Problem details: The output must match the entries below exactly, with pictures removed.

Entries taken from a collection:
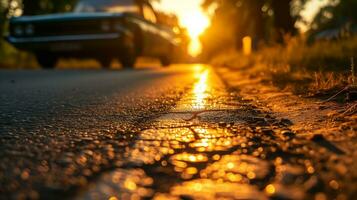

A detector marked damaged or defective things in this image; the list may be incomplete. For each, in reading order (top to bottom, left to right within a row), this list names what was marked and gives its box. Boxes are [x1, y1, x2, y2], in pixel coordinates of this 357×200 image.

cracked asphalt road [0, 65, 354, 199]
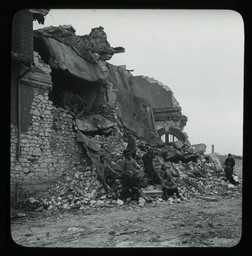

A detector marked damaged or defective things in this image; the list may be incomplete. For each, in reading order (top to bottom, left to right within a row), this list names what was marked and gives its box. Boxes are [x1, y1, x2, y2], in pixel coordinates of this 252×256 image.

damaged facade [11, 10, 187, 202]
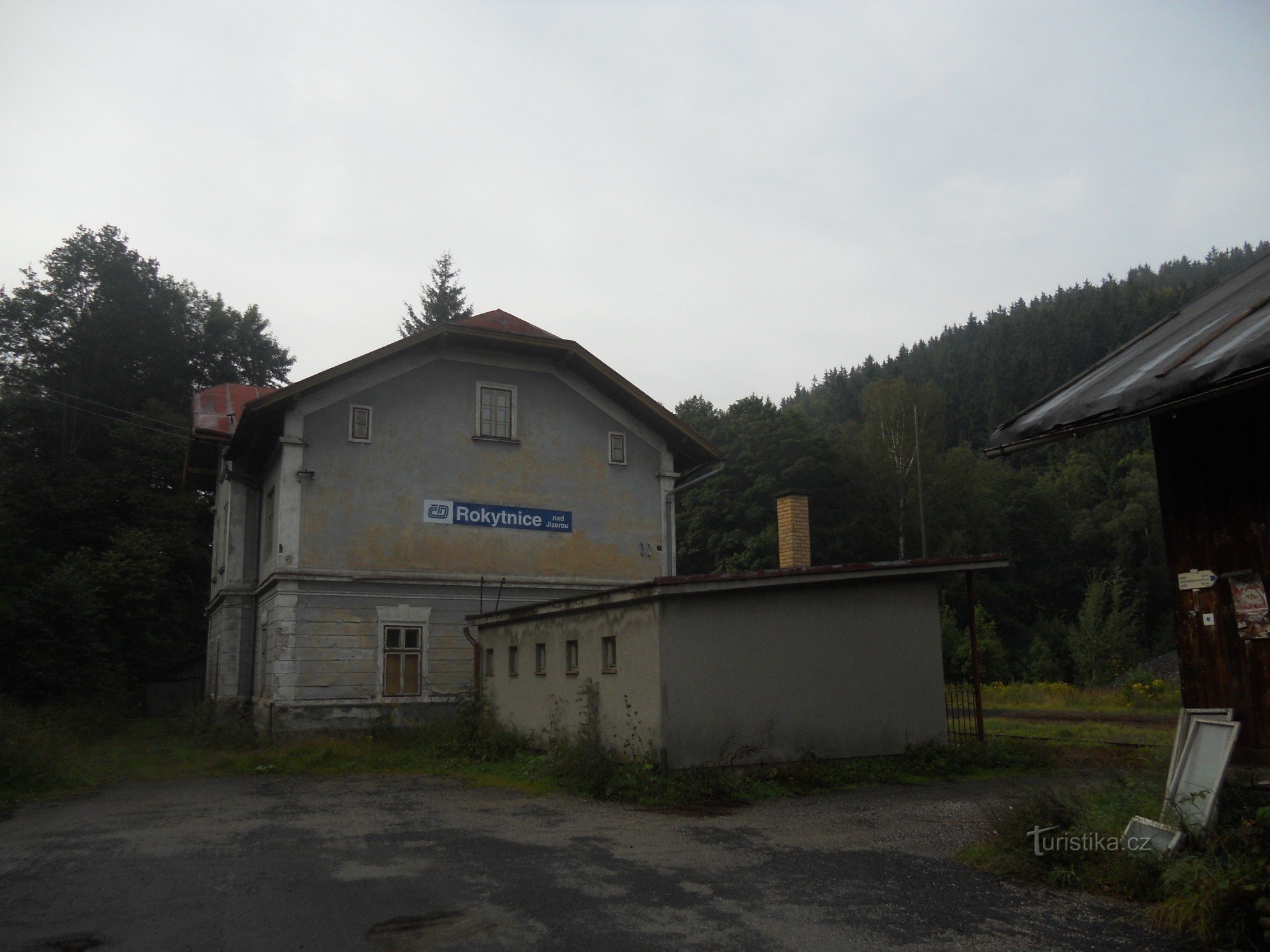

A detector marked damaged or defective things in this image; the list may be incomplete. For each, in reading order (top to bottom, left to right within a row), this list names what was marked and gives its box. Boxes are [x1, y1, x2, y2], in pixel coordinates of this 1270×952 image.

peeling plaster facade [193, 314, 721, 731]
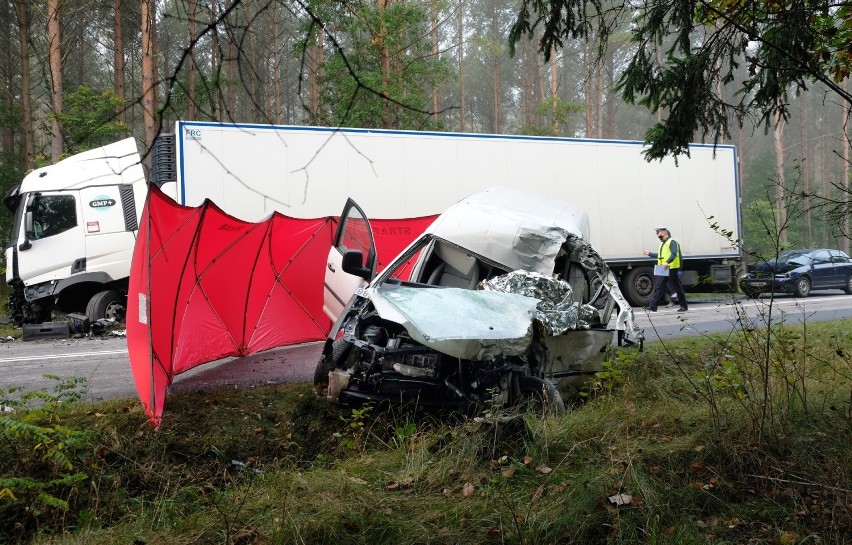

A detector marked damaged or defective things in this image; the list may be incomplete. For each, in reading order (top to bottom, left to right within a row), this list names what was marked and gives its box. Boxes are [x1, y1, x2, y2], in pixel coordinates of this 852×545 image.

crumpled car hood [368, 282, 540, 360]
severely damaged car [316, 187, 644, 412]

Result of the task:
A detector marked damaged or defective things in this image; the list may be incomplete. For each, in reading order (top to bottom, left to right within a row), this list names what was marked and gives its box. Boxes are [x1, y1, x2, y2], in pixel coordinates of this 357×200 image.

cracked asphalt road [0, 65, 354, 199]

A detector marked damaged or defective things in this image; the list may be incomplete. For each, in reading order (top to bottom, left to right within a row), this list names what was marked and gives its box. Boxes are [x1, y1, x2, y2], in pixel coordinates of this 252×256 image.

damaged facade [11, 10, 187, 202]

A detector marked damaged or defective things in this image; the list may be incomplete. For each, in reading order (top to bottom, left to right within a row), this list names what was marked and gives its box. Boxes are [x1, y1, x2, y2], in pixel coordinates of this 1270×952 image.

peeling plaster facade [193, 314, 721, 731]

A detector marked damaged or defective things in this image; the list may be incomplete. For each, in reading order (top to bottom, left to right within a row), this list names what was marked and gives its box. Boxes are [x1, y1, x2, y2], in pixel coordinates of this 852×545 image.

crumpled car hood [368, 282, 540, 360]
severely damaged car [316, 187, 644, 412]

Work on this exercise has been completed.